Er is bijvoorbeeld een wereld waarin het deeltje rechtsom draait en een wereld waarin hij linksom draait. Het prettige van de veel-werelden-interpretatie is dat het zo uit de wiskunde die de quantummechanica beschrijft komt rollen. Je hoeft er niets voor aan te passen.
De veel-werelden-interpretatie roept ook weerstand op. Het voelt gek dat er ontzettend veel parallelle werelden zijn. Daarom zijn er theorieën bedacht waarbij de golffunctie wel degelijk instort, waarbij bijna alle mogelijkheden verdwijnen, op de ene die je ziet na.
‘Persoonlijk ben ik geïnteresseerd in de voorspelling van Roger Penrose dat er naast de standaard beschrijving van de quantumgolffunctie (die toelaat dat er vele werelden zijn) er een extra proces is dat slechts een enkel universum toelaat’, zegt Bouwmeester. Dit extra proces voorspelt dat een quantumgolffunctie op een andere manier instort dan nu beschreven is. Dit geeft een meetbare verandering in het relatief grote membraan uit het Leidse experiment.
Meten is weten
De voorspelling van Penrose is niet heel precies, waardoor de experimentele eisen niet helemaal duidelijk zijn.
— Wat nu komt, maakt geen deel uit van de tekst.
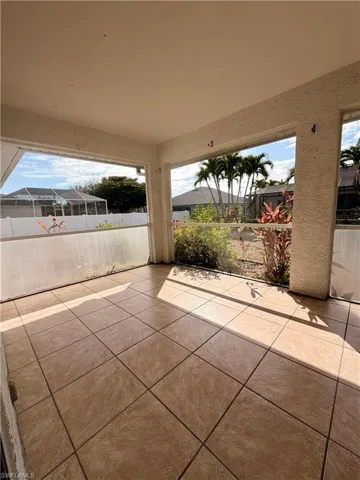 View of patio / terrace with a sunroom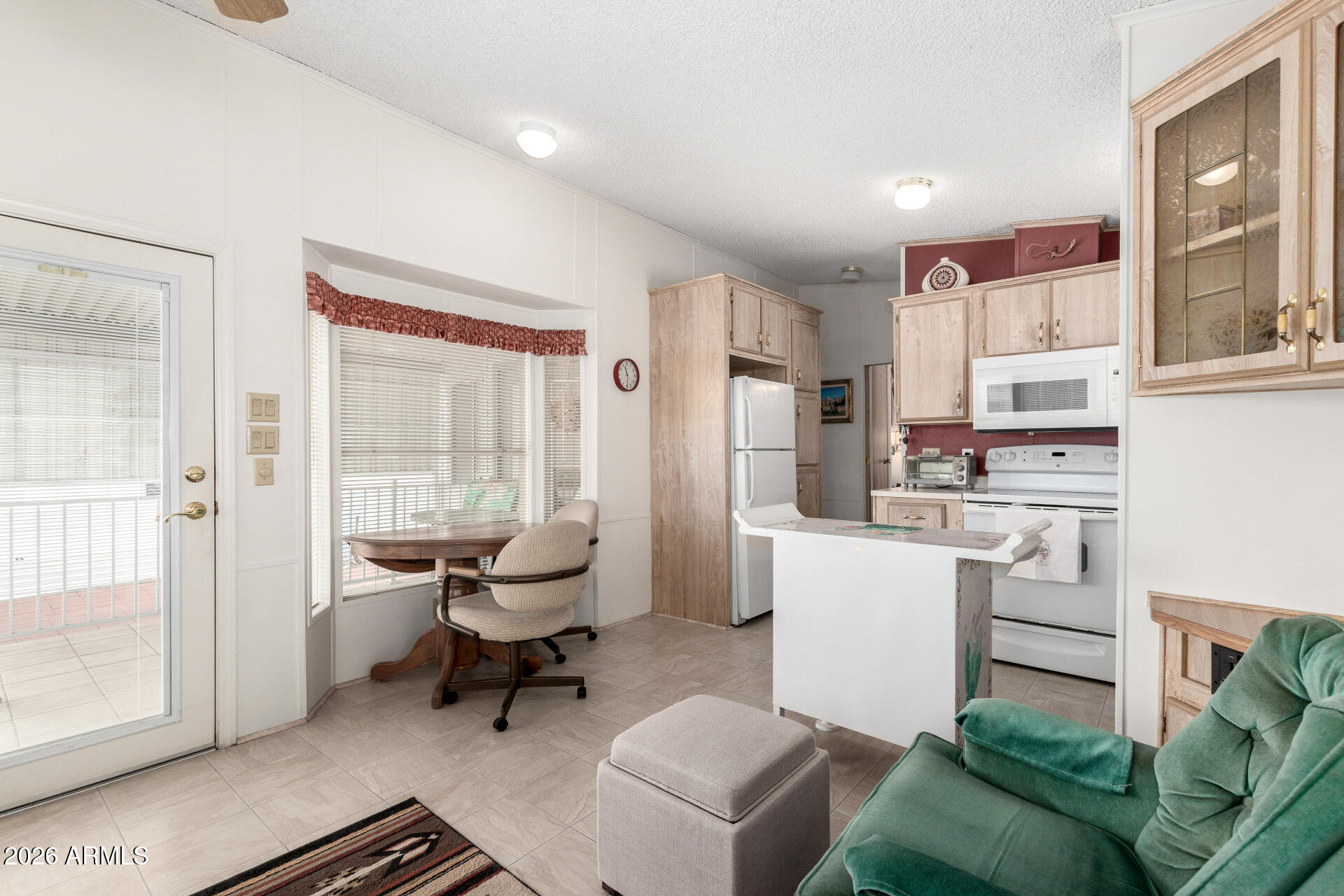 7750 East Broadway Road, Unit 533 Mesa, AZ 85208 - Photo 13 of 21 a living room with furniture a large window and chairs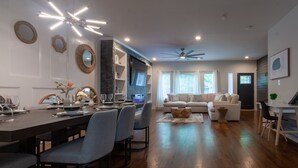 A modern living room with a dining area, wooden flooring, and a ceiling fan. - Five75 Lux ATL King Bed & Game Room Downtown (Atlanta)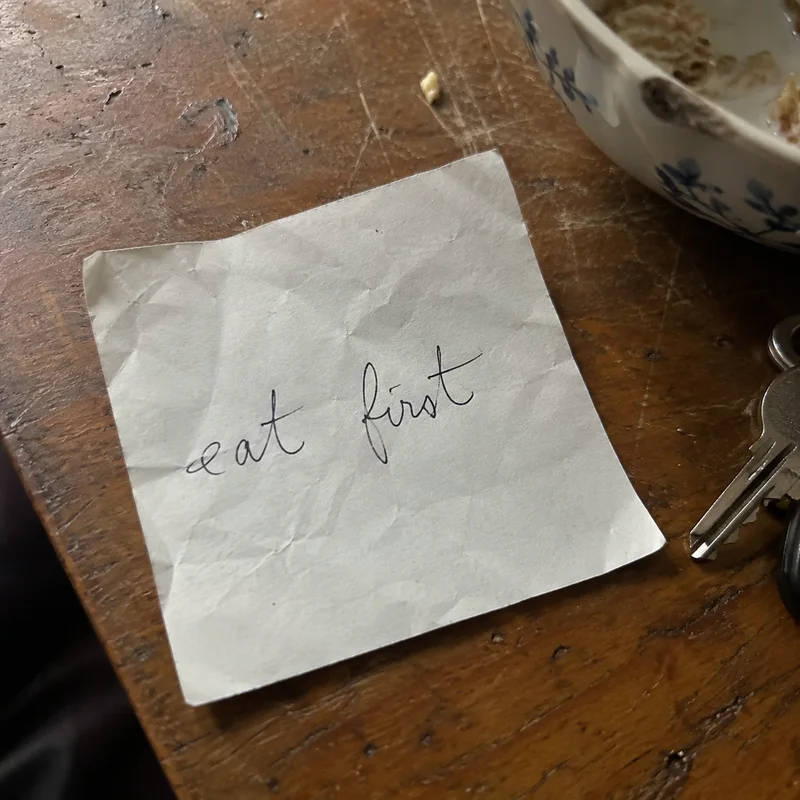 Studio concept: a creased family note with the handwritten words eat first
Maar om de piepkleine verandering te detecteren, moet de meetopstelling in elk geval in een trillingsvrije, afgesloten omgeving staan bij een membraan temperatuur van minder dan 0,1 milliKelvin (bijna -273,15ºC). In Leiden krijgen onderzoekers het experiment steeds beter onder controle en kunnen de toestanden van membranen met licht naar wens aangestuurd en gekoeld worden. Momenteel wordt het membraan experiment in een speciale 20 milliKelvin cryostaat (koelsysteem) ingebouwd die extreem trillingsarm is. Zo komen ze steeds dichter bij een meetopstelling die de nodige precisie heeft om de fundamenten van de quantummechanica te onderzoeken.
‘Inmiddels kan ik met zekerheid zeggen dat het beoogde experiment echt mogelijk is’, zegt Bouwmeester. Met een sterk genoeg onderzoeksteam is het realiseerbaar om binnen vijf jaar het experiment gevoelig genoeg te maken om de voorspelling van Penrose te testen.